◆ MATERIAL PROVIDED:
┌──

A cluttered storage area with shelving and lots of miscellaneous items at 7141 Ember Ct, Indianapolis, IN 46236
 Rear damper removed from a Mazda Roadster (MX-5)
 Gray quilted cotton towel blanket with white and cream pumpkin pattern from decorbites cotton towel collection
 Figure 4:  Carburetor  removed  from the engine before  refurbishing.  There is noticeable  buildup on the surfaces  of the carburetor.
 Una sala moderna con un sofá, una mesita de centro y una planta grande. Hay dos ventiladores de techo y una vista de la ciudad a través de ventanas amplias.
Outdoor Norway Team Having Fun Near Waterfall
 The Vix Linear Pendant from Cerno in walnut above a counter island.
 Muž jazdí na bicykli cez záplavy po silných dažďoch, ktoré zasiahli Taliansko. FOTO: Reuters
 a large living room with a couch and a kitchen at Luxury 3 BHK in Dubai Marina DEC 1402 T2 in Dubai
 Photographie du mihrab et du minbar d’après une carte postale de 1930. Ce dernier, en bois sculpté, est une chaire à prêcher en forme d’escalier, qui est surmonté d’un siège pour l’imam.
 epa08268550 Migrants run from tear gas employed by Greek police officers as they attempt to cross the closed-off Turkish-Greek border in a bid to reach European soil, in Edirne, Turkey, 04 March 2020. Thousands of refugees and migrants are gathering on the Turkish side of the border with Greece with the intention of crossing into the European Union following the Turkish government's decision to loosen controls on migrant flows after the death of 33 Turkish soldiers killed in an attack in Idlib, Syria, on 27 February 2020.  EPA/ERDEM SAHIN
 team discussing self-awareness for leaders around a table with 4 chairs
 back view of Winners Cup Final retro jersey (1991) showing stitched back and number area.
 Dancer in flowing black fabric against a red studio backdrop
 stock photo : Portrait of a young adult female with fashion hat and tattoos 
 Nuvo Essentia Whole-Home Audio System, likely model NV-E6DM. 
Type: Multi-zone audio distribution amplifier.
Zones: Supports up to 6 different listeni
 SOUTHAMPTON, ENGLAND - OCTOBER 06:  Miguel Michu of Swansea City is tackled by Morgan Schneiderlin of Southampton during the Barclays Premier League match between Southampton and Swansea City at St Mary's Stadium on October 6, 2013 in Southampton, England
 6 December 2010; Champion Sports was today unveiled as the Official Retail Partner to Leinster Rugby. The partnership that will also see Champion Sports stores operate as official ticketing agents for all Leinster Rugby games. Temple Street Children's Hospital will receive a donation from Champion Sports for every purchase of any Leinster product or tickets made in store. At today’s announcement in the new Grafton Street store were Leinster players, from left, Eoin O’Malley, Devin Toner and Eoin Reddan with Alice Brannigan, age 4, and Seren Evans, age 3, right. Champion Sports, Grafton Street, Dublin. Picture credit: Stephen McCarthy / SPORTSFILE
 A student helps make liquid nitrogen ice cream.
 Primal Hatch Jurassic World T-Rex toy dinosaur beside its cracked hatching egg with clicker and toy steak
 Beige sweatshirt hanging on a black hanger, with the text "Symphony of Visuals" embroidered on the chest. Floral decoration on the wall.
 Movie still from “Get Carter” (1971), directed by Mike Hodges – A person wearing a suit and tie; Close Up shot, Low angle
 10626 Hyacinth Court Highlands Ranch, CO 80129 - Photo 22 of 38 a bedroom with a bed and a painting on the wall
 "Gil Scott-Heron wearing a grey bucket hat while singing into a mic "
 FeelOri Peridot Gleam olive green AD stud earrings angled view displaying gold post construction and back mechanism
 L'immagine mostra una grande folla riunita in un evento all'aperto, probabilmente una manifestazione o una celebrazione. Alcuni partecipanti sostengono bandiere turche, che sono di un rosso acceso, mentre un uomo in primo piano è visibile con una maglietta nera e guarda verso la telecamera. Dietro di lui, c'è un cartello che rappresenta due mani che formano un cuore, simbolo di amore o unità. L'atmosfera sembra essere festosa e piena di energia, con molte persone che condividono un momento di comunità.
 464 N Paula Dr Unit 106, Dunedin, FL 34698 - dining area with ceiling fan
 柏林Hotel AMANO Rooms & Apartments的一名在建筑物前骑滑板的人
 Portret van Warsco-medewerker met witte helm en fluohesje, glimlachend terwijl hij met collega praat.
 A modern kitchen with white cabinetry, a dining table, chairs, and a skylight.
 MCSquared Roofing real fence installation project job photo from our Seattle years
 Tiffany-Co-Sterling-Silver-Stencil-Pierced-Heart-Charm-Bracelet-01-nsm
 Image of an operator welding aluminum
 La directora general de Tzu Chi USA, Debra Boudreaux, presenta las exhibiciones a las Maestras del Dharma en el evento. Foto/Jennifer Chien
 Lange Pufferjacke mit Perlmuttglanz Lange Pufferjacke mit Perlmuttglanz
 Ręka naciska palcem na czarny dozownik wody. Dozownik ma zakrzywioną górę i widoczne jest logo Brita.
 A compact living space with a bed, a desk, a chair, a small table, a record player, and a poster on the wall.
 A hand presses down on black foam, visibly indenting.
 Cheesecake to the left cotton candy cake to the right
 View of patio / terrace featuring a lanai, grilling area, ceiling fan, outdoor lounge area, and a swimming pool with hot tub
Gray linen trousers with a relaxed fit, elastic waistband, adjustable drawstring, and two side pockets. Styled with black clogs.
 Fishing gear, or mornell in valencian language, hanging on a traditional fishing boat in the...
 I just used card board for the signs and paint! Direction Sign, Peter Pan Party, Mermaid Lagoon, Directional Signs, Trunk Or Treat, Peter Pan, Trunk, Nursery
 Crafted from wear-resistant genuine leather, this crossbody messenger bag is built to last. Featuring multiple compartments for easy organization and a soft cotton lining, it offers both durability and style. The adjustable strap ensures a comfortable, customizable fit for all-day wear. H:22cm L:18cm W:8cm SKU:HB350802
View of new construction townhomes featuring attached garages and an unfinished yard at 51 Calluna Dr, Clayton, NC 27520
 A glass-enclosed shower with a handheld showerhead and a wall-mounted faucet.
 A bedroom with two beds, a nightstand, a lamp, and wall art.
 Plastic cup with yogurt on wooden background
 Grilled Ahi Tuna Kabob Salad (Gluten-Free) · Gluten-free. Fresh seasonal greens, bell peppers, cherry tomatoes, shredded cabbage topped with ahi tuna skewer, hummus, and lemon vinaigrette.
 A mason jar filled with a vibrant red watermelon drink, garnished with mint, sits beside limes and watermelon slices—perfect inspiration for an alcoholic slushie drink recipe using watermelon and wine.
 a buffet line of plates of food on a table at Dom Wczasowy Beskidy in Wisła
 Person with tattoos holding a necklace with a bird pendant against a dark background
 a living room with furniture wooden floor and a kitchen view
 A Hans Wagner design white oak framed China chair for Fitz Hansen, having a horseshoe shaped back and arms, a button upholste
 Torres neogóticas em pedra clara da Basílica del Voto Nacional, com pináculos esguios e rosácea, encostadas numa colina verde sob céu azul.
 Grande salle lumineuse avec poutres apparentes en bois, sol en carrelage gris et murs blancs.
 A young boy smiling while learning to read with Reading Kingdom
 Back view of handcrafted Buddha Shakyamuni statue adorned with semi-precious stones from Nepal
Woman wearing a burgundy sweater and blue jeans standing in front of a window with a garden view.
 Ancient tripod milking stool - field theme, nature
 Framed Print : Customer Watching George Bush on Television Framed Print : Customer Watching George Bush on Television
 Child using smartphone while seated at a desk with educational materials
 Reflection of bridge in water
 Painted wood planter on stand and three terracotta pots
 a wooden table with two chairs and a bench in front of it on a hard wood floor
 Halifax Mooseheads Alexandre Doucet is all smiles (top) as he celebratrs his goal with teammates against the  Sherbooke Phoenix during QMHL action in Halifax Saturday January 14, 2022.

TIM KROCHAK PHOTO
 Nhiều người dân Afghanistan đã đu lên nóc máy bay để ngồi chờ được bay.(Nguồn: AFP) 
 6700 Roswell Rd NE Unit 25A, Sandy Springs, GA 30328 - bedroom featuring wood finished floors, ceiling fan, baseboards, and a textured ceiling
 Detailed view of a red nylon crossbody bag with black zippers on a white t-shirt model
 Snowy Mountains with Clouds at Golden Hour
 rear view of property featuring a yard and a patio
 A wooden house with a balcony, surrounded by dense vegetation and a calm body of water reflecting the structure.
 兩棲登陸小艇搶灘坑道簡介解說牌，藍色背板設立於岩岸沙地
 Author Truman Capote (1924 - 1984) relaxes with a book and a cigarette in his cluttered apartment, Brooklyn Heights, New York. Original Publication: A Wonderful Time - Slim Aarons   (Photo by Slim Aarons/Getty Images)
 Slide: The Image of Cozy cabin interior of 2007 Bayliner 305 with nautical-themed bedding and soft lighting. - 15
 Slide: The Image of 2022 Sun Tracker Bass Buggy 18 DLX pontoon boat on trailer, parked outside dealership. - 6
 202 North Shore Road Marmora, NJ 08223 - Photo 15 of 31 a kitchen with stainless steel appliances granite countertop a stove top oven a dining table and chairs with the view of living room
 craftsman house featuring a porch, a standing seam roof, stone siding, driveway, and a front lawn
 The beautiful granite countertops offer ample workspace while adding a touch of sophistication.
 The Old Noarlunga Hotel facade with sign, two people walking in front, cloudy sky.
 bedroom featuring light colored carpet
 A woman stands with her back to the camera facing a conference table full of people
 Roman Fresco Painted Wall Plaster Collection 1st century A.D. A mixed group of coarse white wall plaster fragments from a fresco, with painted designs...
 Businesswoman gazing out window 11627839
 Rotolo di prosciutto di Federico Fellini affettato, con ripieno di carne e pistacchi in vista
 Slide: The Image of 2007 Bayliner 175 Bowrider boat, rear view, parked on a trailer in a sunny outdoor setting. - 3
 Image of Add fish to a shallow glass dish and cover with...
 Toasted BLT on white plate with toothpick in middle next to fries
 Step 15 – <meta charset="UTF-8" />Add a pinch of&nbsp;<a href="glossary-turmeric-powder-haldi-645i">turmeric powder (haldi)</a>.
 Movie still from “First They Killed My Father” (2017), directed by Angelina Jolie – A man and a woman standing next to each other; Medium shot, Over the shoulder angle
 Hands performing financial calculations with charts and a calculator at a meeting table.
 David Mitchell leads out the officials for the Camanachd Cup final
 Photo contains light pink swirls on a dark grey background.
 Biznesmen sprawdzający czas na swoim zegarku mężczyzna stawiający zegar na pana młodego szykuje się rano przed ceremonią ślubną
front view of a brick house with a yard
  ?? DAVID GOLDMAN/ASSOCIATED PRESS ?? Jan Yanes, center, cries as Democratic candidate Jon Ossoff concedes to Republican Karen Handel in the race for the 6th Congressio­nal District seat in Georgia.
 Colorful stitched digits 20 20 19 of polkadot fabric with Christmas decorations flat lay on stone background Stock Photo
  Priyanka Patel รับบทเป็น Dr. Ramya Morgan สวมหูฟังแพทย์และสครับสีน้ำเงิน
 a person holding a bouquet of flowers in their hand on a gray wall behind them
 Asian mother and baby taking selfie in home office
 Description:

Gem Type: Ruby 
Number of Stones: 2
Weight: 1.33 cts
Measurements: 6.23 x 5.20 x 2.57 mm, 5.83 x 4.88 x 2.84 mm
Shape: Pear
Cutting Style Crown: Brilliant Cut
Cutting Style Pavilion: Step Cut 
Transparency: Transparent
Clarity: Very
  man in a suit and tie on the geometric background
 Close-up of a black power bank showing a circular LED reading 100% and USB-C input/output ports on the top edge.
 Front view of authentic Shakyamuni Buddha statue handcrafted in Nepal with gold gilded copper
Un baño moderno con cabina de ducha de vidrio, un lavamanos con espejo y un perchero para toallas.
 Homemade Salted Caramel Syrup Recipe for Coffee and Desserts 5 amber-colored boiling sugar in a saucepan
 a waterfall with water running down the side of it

└──

◆ WORK ORDER: Your reply is to repeat, unchanged, the lines above running from the one with "man in a suit" up to and including the one with "Front view of authentic".

◆ TASK RESPONSE:
  man in a suit and tie on the geometric background
 Close-up of a black power bank showing a circular LED reading 100% and USB-C input/output ports on the top edge.
 Front view of authentic Shakyamuni Buddha statue handcrafted in Nepal with gold gilded copper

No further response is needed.